So, when I went through the code of GFPGAN, I found that GFPGANer contains an "enhance" function which calls the "facexlib" library for face enhancement and face-related operations. The "enhance" function clears all list variables of "facexlib" after every execution by reinitializing them. This type of behavior is only observed when I load the model into the cache; otherwise, it works properly. Is there any way to cache the model and also resolve this error?

lianarosee commented 9 months ago

20240221_225128_058-01-03

ssskhan commented 8 months ago

well you can move following lists from facexlib/face_restoration_helper.py to enhance function in gfpgan/utils.py, it will solve the problem because every request will have its own list and wont be mixed again.

self.all_landmarks_5 = []            
self.det_faces = []                  
self.affine_matrices = []            
self.inverse_affine_matrices = []    
self.cropped_faces = []              
self.restored_faces = []             
self.pad_input_imgs = []      

but the problem I am getting after doing it is that the quality is low when processing concurrent requests, any ideas ?

dummyuser-123 commented 8 months ago

Thanks for the answer, I have already implemented this logic in my code. And I am not facing any quality issue during concurrent requests. If possible, can you tell me briefly about which api framework you are using and how you are able to implement concurrent requests in that framework, so that I can get more idea about the problem.

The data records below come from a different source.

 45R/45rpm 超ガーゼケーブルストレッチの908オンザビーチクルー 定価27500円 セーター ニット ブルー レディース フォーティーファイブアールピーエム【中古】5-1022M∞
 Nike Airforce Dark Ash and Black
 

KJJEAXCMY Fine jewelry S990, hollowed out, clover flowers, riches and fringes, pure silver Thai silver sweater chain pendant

ssskhan commented 8 months ago

I am using waitress, and the issue is that when I send 2 requests at the same time the first works just fine but the output of second image is not good,

ssskhan commented 8 months ago

check the difference between the two images the first one is when send with another image simultaneously and the second one is when I send it alone

image

image

dummyuser-123 commented 8 months ago

First of all, I have never used waitress for api development. But I can tell you some general point that you can check:

  1. Compare the input image and output image (First case from above) in terms of size and dimension, so that can you cross check whether the image enhancement process happening on the image or not.
  2. As per your description, I think waitress is not able to processes multiple requests, means there is some problem during handling the parallel requests.
  3. Try out test with different variety of images (Like single person image, small size image), so that you might find any clue from these outputs.
dummyuser-123 commented 8 months ago

Also, have you worked on fastapi ever for api creation ? Actually I have used fastapi for this model but I don't know I am not able to achieve parallelism for more users. So, do you have any idea about this problem ?

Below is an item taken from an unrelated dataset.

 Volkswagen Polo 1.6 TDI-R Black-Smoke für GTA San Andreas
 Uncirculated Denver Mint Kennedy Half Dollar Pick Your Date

ssskhan commented 8 months ago

nope, I never tried fast api sorry, when I send request from a single device it works perfectly, no matter how many faces in it, the problem only occur when it is working on multiple images at the same time, if I send 2 concurrent images with 1 face each, it works far better, kindly try 2 concurrent requests with multiple faces in the images and make sure they are different images. How did you find out it is not running concurrently ? like the time it took or something else ?